> _REQUIRED WORK_
Wherever the word "Green" occurs in the lines below, copy the whole line.

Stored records

━━━━

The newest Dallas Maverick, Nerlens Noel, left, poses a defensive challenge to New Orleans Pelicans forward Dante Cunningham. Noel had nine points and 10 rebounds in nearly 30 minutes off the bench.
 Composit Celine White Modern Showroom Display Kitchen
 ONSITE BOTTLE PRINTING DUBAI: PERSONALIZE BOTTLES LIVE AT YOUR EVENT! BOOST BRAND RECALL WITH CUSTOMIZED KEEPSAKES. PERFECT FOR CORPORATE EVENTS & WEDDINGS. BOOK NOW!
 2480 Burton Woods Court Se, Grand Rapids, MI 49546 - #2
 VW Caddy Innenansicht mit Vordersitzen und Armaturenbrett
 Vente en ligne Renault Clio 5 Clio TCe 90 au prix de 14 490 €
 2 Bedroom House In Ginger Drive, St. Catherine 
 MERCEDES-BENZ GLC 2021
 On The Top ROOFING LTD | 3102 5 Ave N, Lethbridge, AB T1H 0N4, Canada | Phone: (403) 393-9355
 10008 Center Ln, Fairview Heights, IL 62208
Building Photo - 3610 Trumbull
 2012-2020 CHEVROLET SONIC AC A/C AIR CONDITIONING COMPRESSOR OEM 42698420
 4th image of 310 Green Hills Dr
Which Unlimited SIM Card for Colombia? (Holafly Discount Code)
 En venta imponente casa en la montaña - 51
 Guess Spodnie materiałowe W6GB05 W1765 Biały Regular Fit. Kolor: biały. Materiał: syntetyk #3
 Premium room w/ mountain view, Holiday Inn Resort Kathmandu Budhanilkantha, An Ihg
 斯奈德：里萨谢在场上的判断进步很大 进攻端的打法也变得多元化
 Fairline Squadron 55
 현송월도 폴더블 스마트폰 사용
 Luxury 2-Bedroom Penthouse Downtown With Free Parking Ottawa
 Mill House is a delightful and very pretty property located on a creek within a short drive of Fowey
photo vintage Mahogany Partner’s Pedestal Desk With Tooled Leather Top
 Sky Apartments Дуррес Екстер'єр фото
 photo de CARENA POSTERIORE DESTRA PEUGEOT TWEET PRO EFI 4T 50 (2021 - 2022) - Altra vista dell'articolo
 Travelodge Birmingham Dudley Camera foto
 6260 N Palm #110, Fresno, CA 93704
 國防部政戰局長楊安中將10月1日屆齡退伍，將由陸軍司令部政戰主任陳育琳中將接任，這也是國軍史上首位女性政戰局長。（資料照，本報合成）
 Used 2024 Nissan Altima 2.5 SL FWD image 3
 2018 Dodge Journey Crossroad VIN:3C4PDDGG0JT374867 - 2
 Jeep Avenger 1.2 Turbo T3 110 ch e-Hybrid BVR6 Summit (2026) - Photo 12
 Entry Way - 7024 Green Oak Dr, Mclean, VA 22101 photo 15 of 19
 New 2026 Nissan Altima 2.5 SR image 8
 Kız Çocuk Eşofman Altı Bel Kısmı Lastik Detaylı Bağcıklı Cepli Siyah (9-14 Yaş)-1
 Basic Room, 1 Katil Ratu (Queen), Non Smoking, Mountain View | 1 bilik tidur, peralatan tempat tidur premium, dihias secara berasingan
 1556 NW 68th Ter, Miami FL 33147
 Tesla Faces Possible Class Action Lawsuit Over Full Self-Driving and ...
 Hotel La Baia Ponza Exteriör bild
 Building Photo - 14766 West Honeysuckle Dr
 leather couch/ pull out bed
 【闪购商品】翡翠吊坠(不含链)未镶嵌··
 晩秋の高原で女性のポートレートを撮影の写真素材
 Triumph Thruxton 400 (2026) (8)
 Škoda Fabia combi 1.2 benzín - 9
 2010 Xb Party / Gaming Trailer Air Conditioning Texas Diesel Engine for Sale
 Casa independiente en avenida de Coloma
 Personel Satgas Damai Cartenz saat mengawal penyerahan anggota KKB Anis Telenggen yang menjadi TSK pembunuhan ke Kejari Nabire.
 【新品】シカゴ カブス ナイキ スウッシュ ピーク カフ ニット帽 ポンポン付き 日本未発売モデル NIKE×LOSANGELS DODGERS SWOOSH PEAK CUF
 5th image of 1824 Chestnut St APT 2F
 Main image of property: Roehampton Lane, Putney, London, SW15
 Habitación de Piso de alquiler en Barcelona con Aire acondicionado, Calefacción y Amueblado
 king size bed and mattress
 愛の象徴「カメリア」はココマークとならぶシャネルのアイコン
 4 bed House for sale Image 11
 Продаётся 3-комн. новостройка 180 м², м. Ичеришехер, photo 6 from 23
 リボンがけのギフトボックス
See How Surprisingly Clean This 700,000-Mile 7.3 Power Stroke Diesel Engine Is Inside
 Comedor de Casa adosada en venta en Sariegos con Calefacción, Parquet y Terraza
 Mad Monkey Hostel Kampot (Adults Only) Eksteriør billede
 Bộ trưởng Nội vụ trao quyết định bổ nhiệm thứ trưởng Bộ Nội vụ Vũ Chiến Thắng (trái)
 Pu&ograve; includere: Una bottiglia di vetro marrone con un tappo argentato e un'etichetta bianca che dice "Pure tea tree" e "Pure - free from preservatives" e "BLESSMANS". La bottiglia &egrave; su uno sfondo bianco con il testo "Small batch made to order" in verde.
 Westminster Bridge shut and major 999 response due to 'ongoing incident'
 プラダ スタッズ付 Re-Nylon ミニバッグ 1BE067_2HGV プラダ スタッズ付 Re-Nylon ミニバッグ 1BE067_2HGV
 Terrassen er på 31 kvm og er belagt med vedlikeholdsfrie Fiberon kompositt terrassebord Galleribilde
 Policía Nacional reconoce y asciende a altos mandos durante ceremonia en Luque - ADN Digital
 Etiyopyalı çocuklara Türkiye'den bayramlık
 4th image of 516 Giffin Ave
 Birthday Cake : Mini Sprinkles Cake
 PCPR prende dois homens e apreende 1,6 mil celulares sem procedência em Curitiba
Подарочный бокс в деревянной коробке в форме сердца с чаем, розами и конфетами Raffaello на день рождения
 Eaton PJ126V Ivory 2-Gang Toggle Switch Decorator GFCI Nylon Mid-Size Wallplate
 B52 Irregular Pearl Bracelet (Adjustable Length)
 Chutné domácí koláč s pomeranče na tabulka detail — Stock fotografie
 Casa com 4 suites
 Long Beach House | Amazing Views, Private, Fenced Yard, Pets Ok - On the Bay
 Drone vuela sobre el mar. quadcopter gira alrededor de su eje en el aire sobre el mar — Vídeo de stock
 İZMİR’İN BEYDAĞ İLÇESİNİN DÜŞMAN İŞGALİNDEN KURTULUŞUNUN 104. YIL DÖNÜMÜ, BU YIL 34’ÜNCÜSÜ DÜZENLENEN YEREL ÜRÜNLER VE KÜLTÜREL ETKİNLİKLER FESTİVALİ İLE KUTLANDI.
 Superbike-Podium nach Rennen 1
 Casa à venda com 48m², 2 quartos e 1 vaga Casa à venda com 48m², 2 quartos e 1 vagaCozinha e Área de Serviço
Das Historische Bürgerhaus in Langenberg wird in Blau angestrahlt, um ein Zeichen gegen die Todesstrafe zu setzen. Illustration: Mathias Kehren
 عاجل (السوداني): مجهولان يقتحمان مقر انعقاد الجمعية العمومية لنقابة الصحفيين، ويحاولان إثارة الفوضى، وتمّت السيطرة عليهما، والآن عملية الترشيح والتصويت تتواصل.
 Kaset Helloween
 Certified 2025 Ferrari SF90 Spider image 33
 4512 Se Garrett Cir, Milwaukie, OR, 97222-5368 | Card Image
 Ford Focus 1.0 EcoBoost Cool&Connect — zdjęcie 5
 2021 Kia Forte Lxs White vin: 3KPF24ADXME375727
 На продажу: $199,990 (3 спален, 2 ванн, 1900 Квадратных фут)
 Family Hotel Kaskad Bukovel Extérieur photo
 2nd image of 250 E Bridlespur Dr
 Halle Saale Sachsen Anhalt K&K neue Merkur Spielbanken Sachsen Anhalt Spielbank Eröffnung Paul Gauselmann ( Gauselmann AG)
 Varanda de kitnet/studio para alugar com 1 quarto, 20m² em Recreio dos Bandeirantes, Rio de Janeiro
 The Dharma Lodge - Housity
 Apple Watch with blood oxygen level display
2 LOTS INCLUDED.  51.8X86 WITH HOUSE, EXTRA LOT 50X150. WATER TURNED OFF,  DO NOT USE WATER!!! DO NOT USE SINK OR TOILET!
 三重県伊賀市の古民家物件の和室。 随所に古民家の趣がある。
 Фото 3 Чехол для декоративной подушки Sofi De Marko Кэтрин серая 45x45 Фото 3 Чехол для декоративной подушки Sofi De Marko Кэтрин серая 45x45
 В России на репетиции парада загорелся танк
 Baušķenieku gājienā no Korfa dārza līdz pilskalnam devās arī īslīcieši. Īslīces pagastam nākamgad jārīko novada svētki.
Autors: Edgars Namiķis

━━━━

> _TASK ANSWER_
 4th image of 310 Green Hills Dr
 Entry Way - 7024 Green Oak Dr, Mclean, VA 22101 photo 15 of 19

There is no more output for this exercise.